After graduation, trips to Britain with stops in Southampton became regular occurances. Andrew and I visited during Christmas holidays in 1991. I popped in for a visit in 1994 before meeting up with a friend in Paris. Then in 1996 I gave up on University and moved to Edinburgh for a couple years. My goal was to get to know my relatives better and through them, figure out my place in the world. There were many visits to Southampton during my time in Scotland. Aunt May and I had many talks over tea and biscuits. She was so wise! And so full of love. Just walking into their home made my heart feel better. I was so troubled during that time. So lost. She and Uncle Alasdair were so wonderful. Their love and gentle guidance helped me more than words can express.
My last visit to Southampton was in September 2004 with Greg and Marley. Added to my many memories (train sets in the attic, walks to jump on the trampolines at the local park, jumping across the upper stairs) are ones with my husband and our first daughter. These have now taken on a much more precious overtone in my mind. I was working on scrapbook pages of that trip when I first heard Aunt May was so sick and I looked down at the photos I'd printed off and came face to face with this one of Marley with Aunt May.
It is made all the more poignant because LC looks so similar to Marley at the same age - it makes it almost seem like a recently taken picture. But I know it's not. Finances and time committments have prohibited Greg and I getting back to Britain since. Something I deeply regret now. Aunt May had so much love and I know it extended to my kids. I just wish she could have met Paige and LC. Paige is turning into such a classic Middle Child and I'm sure Aunt May would have had many words of wisdom and comfort for Greg and I!! And many a laugh too!!
Here are a couple more of Aunt May with Marley. These were taken 5 years ago - May 26, 2005 - when she and Uncle Alasdair came to Canada for a visit. The first is taken down at Spanish Banks in the bucket of a digger that put Matthew and Caleb into spasms of ecstasy due to the fact that it was parked next to our picnic spot!
The next was taken at one of our many Ultimate game nights.
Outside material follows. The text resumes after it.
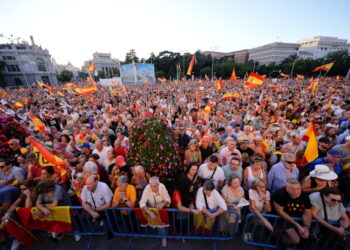 El alcalde de Madrid ha leído el manifiesto de los ayuntamientos de España en apoyo a Ceuta y a los ceutíes desde el Palacio de Cibeles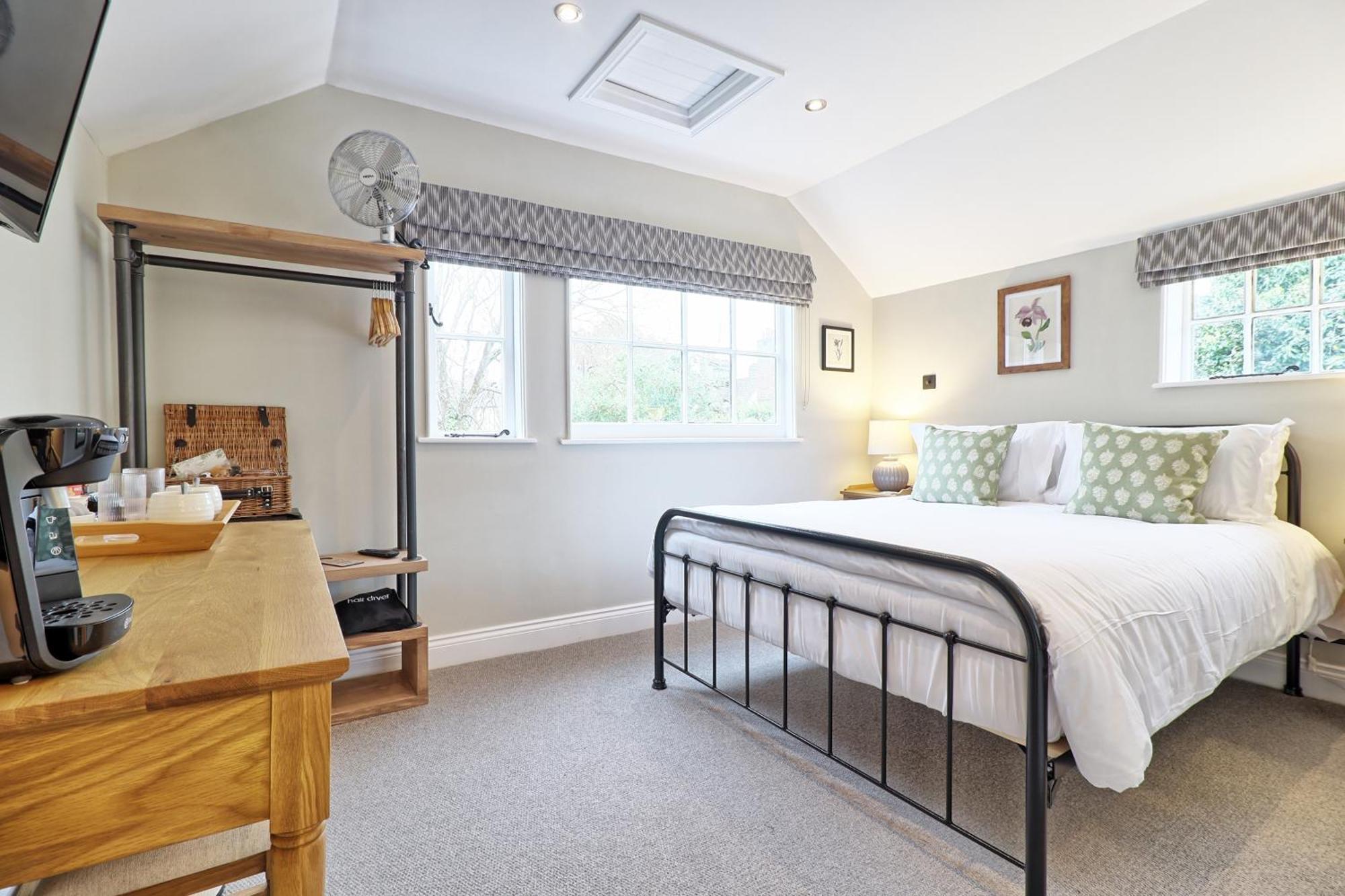 Ranfield'S Brasserie Hotel Rooms コッゲスホール エクステリア 写真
Aunt May and Uncle Alasdair were keen to see for themselves what this "Ultimate" thing was that we kept talking about so they came out and watched.
Her funeral and Remembrance service is tomorrow. I had hoped to go but just can't get away right now. My heart will be in Southampton with my family though. Aunt May was such an amazing woman. The embodiment of the word "matriarch". Our family has lost a huge part of it's ... heart and soul. But that is small in comparison to what Uncle Alasdair, Crawford, Rowena, Anna & Jo, Euan, Ruth, David, Ruairidh & Callum, Kenneth, Liz, Jack, Tom & Lucy have lost. Wife. Mother. Mother-in-law. Grandmother. Words can not convey how heavy my heart is for you. I know we can take comfort in knowing that she is with the Lord she served so faithfully all her life. That she is pain free. And that we will see her again someday. Someday seems a long time right now!
Oh Aunt May, I miss you! I could really use your gentle words of wisdom right now. Rest in peace. See you again.
PS - say "Hi" to Mum and Dad for me!